Taisei Plas Co., Ltd (Tokyo, JP) inventors Masanori Naritomi and Naoki Andoh  developed a patent pending method to manufacture lightweight and strong composites of a magnesium alloy and carbon fiber reinforced plastics (CFRP), by strongly bonding the magnesium alloy and the CFRP using an epoxy adhesive. The magnesium alloy has specific ultra-fine irregularities is compatible with an epoxy resin adhesive and exhibits thus strong adhesion.  The manufacturing processes are detailed in U.S. Patent Application 20100112287.

A magnesium alloy composite plate material, in which magnesium alloy plates and a CFRP are integrated by exploiting bonding techniques, can be used in ordinary assembly structures with other metal members and bolts. The magnesium alloy plates can withstand strong local forces, and hence the CFRP is not damaged. As a result, the composite is effective for applications in casings, bodies and parts in mobile equipment such as automobiles or in mobile devices, where lightweightness, toughness and ease of assembly are required.The materials may be used in transport equipment where lightweight is required, such as automotive components, aircraft components, and bicycle components. 

Carbon fiber reinforced plastics have the highest strength among structural materials, including metals, and are lightweight, having a specific weight of 1.6 to 1.7, i.e. a specific weight comparable to that of magnesium alloys. Ultra-lightweight and high-strength structural members could be manufactured if both CFRP and magnesium alloys could be strongly bonded to each other. Fortunately, CFRP prepregs, which are the precursors of CFRPs, are fabrics or aggregates of carbon fibers impregnated with an uncured epoxy resin, and thus integration simultaneous with curing can be made simple by tweaking the affinity of CFRP prepregs and an epoxy adhesive coated on the metal.

In order to make the magnesium and CFRP composites,  the inventors felt that first of all it was necessary to conduct diligent research and development on how to improve and stabilize bonding forces (bonding strength) between magnesium alloys and epoxy adhesives. Thus, they endeavored to develop a method that affords strong bonding with fiber-reinforced plastics, in particular CFRPs, by focusing on the development of surface treatment techniques for magnesium alloys. 

A specific preferred treatment method involves immersing the already-pretreated magnesium alloy part in a very dilute acidic aqueous solution for a short time, followed by water rinsing. Residual sodium ions that were not washed away during the pre-treatment are neutralized and removed thereby. The magnesium alloy part is then immersed in the aqueous solution of the conversion treatment, followed by water rinsing. The dilute acidic aqueous solution used is preferably a 0.1 to 0.3% aqueous solution of citric acid or malonic acid. Immersion takes place preferably around normal temperature for about 1 minute. 
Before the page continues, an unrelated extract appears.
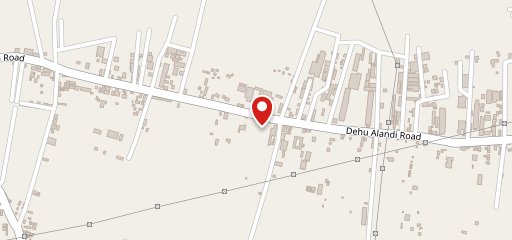KO KO KITCHEN (KOKAN KOLHAPURI KITCHEN) on map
The aqueous solution used for the conversion treatment is preferably an aqueous solution containing 1.5 to 3% of potassium permanganate, about 1% of acetic acid and about 0.5% of sodium acetate, at a temperature of 40 to 50.degree. C. Immersion in this aqueous solution lasts preferably about 1 minute. As a result of the above operation, the magnesium alloy becomes covered with a conversion coat of manganese dioxide. The surface morphology of the skin exhibits micron-scale roughness (surface roughness), and also nano-scale ultrafine irregularities when observed by electron microscopy.

U.S. Patent Application 20100112287 FIGS. 6 and 7 are 100,000-magnification electron micrographs of such nano-scale ultra-fine irregularities. The surface morphology of the ultra-fine irregularities is difficult to describe in a straightforward manner. 

The surface shown in the electron micrograph of FIG. 7 can be approximately described as being covered with innumerable tangled rod-shaped or spherical ultra-fine irregularities having a diameter of 5 to 20 nm and a length of 20 to 200 nm. Meanwhile, the ultra-fine irregularities on the surface in the electron micrograph of FIG. 6 look like irregular stacks of spherical bodies which have a diameter of 80 to 120 nm, and from which there grow innumerable rod-shaped or spherical protrusions having a diameter of 5 to 20 nm and a length of 10 to 30 nm. As far as can be observed by electron microscopy, all the rod-like (needle) shapes having a diameter of about 10 nm appear to be crystals, although no diffraction lines for manganese oxide were observed using an X-diffractometer (XRD). 

FIG. 6 is an electron micrograph at 100,000 magnifications of a test piece of an AZ31B magnesium alloy having had a surface treatment developed by Taisei Plas.